Record excerpts:
****************
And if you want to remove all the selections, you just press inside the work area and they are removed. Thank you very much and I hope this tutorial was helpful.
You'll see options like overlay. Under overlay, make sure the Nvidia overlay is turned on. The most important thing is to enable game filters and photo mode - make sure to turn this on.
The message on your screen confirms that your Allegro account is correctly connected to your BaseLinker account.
****************
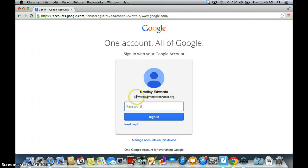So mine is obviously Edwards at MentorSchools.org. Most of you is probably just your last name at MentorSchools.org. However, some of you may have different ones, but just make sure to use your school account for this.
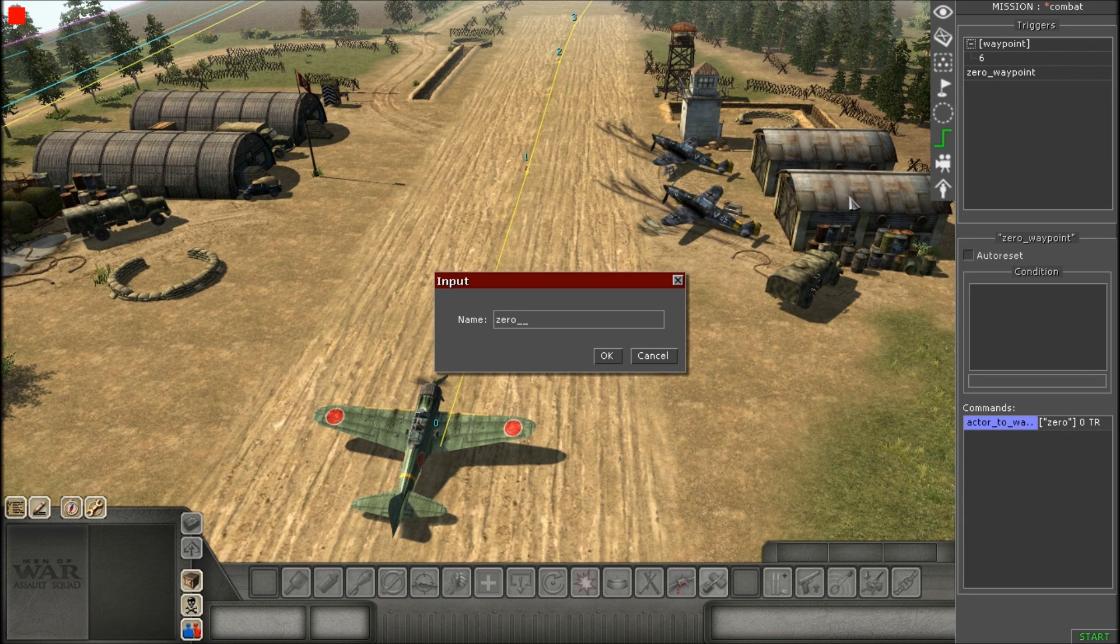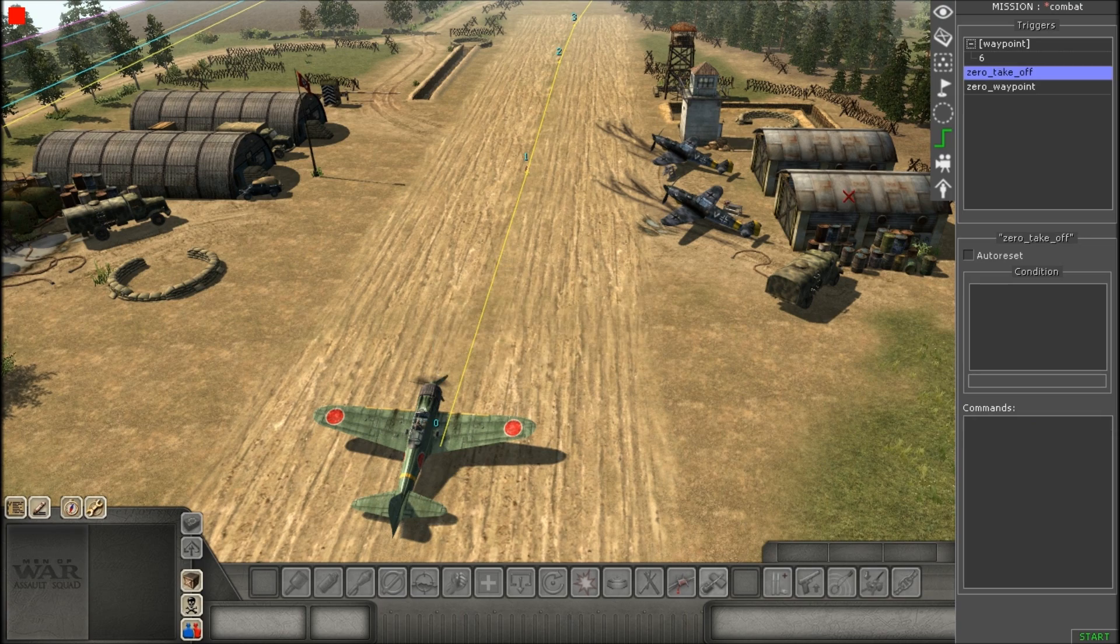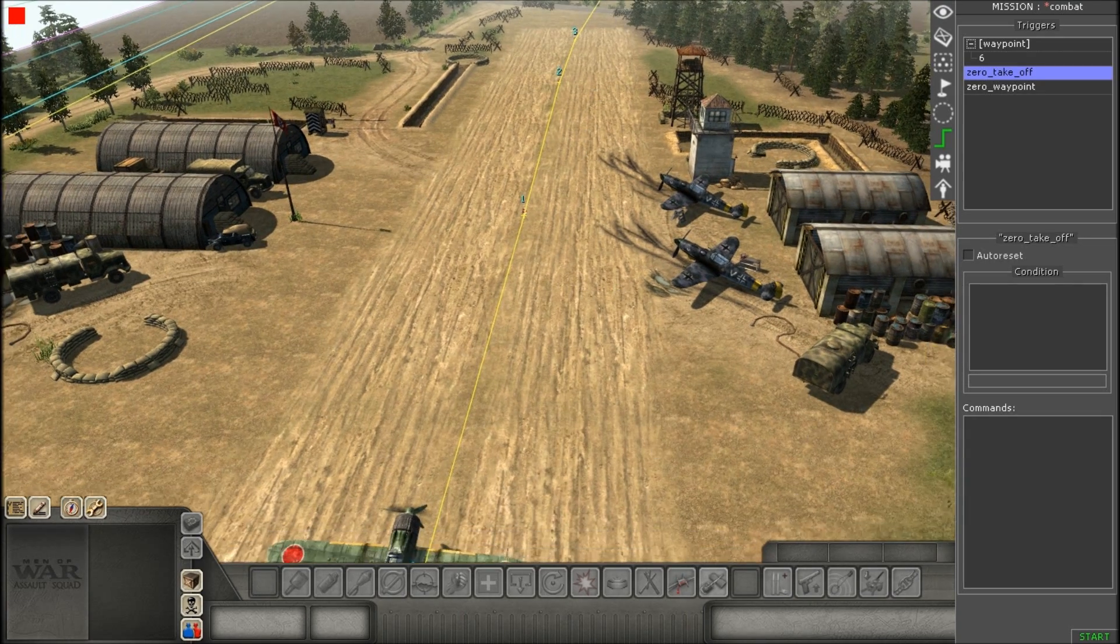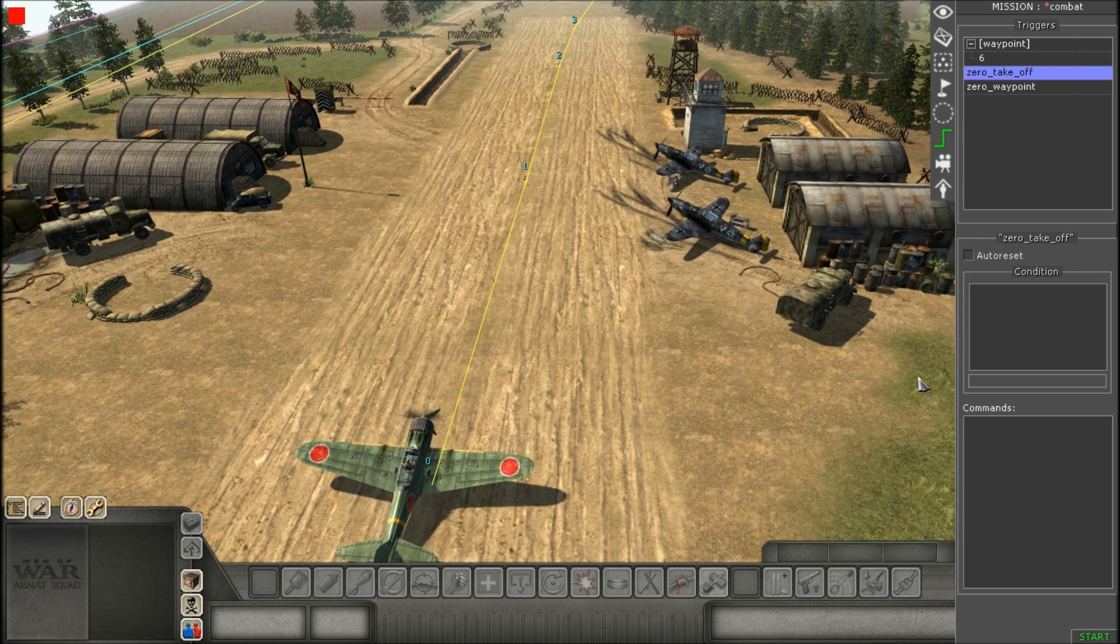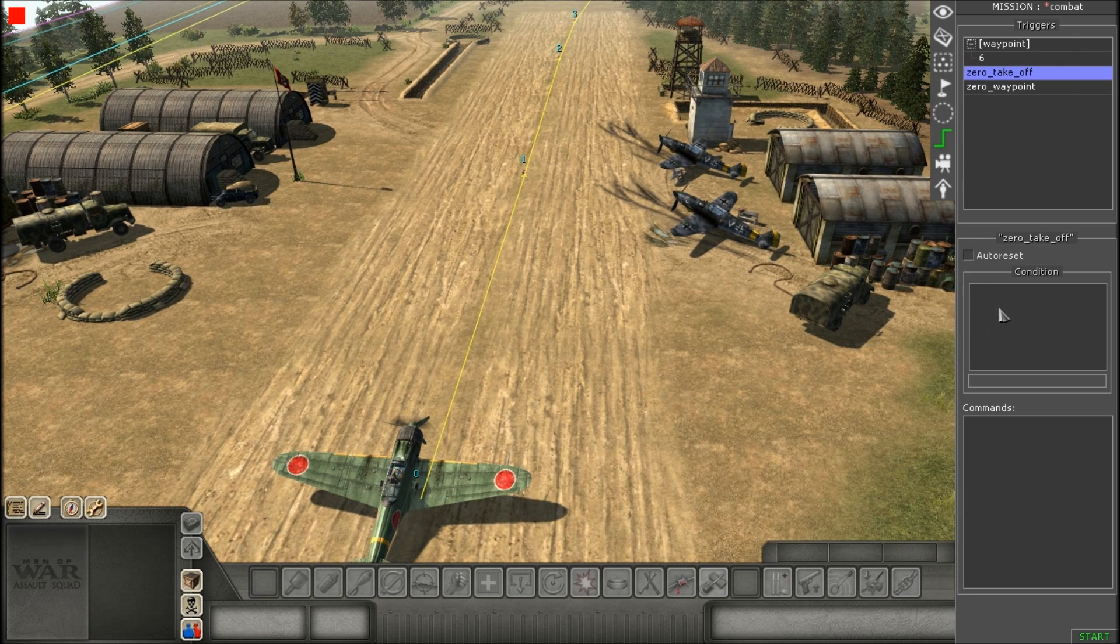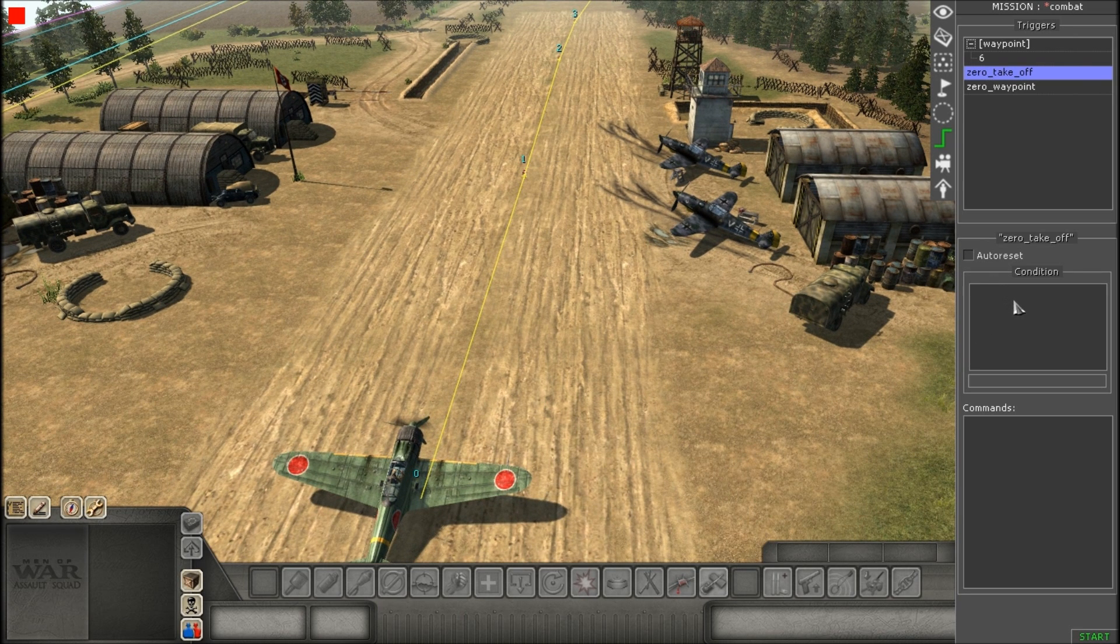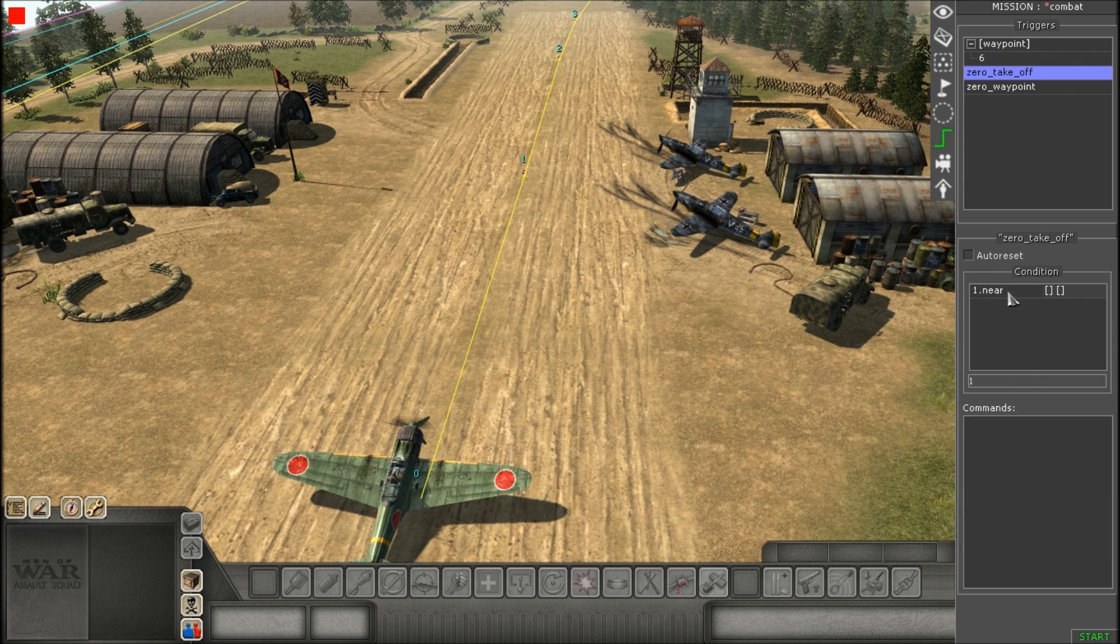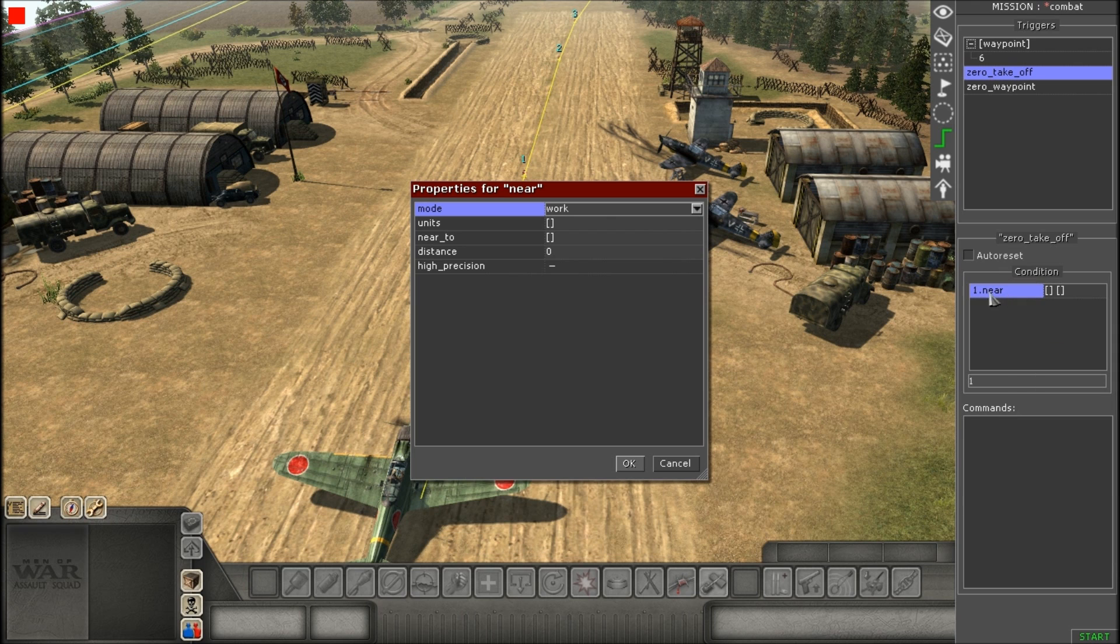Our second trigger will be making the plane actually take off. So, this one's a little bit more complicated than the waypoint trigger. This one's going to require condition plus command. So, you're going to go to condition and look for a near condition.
****************
What needs to be done: Repeat word for word the lines above that run from the line containing "You'll see options" through the line containing "The message on", both ends included, and nothing else.

Expected answer:
You'll see options like overlay. Under overlay, make sure the Nvidia overlay is turned on. The most important thing is to enable game filters and photo mode - make sure to turn this on.
The message on your screen confirms that your Allegro account is correctly connected to your BaseLinker account.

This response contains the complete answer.